The declaration of a republic with great fanfare in the spirit of accommodation and pluralism was considered a magnificent success. Although we do not see politics as either purely conflictual or harmonious, the decline of the state and political corruption, especially Maoism and democratic reform uneasily aligned in Nepal today are matters of grave concern. Individualization of politics increasingly displays itself in the heterogeneity of public issue interests. However, two conditions are essential to stabilize democracy: first, the democratic structures must not be a mere facade for actual governance, and second, elections must have a logical role in the resultant composition of power and policies. Treating the ignominious end of monarchy, understood as a threat to democracy, necessitates effective response to the challenge of democratization. Yet a political culture that emerged from realpolitik featured more accurately as ‘neo-sultanistic’ or ‘neo-patrimonial’ to the Nepali reality impedes democratization.

Institutionalization is a process by which parties become established to the extent to which they are deified in the public mind as a social organization to aggregate diverse interests and acquire value and stability. Nepal’s parties exist to capture state patronage. Politics is about winners and losers, influence and coercion, exchange and bargaining, coalitions and factions, conflict and compromise.

Nepal has had two failed trysts with democracy; we must acquire a threshold of socioeconomic development to sustain democracy. The consolidation process has been particularly difficult due to weak institutions, a contentious civil society, and indecisive elections. How can democracy strike roots when its tenets — freedom, liberty, security, and rule of law — are ignored? And that remains the principal cause of probable reversibility. Nepal has some favourable conditions: a culture that supports the values of democracy; a dominant religion not hostile to it; a military not adamantly opposed to it, people with a high degree of common sense, and politicians sophisticated enough to grasp different situations of a party system.

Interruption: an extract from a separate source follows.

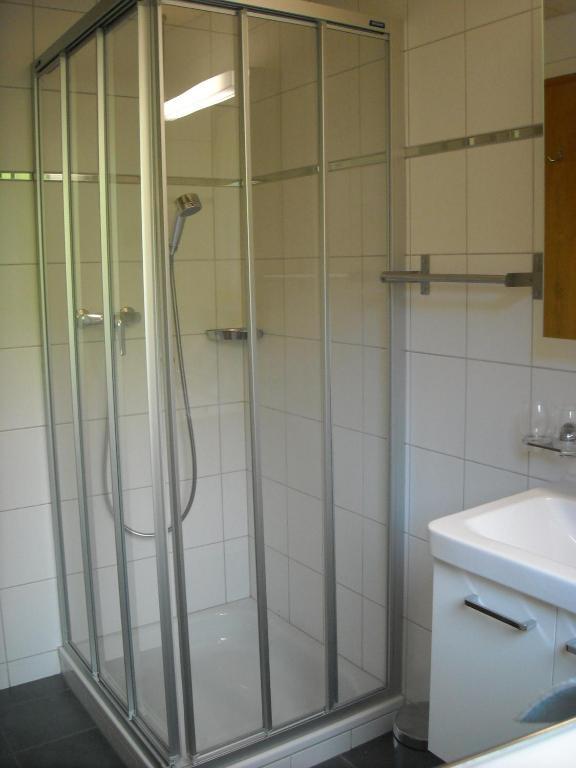 Pfaffenstoeckli Apartment Grindelwald Luaran gambar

Politicians are, albeit superficially, deliberating whether to opt for presidential or parliamentary system for overtly effective governance and benevolent development. Constitutional monarchies seem to work better than parliamentary republics, and presidential governments seem preferable where monarchy no longer exists. This is either because of clear separation of powers between the state and various sectors of society or a specific provision effectively serving as a chief executive to make special pleas directly to the people. That federalism may tackle all problems of the nation and fit in well with the liberal and universal values of democracy is rather a poor predictor. Symmetrical federalism to the people is more conducive to stable democracy. Democracy is the political action of the people that culminates in the rule of a dependent elite for a pre-determined period. While it may be deemed oversimplification, every society discovers its own patterns of, to use Lasswell’s terminology, authority ‘practices’. There may be obscure reasons obstructing a unique mechanism to produce and develop norms to govern and to enable us to have a trustworthy basis for deliberative democracy.

True, the Maoists ultimately want a single-party rule and a mafia socialism. Neither can be realized because the common man no longer ascribes to them. While pursuing a public oriented political process, they must irrevocably give in to competitive democracy. They will still remain far away from the liberal democracy of the self-acclaimed democrats spearheaded by the grand old man that contributed to what Moore called a ‘rentier state’ benefiting only a few oligarchs having subtle strategies that formed Hedley Bull’s ‘anarchical society’ and plainly amounted to a ‘democratic deficit’ in Habermasian conception of instrumental political interests. Nonetheless, Girija Prasad Koirala would ultimately do good to the country if he engaged in a worthy discourse in consonance with political realism and tested principles.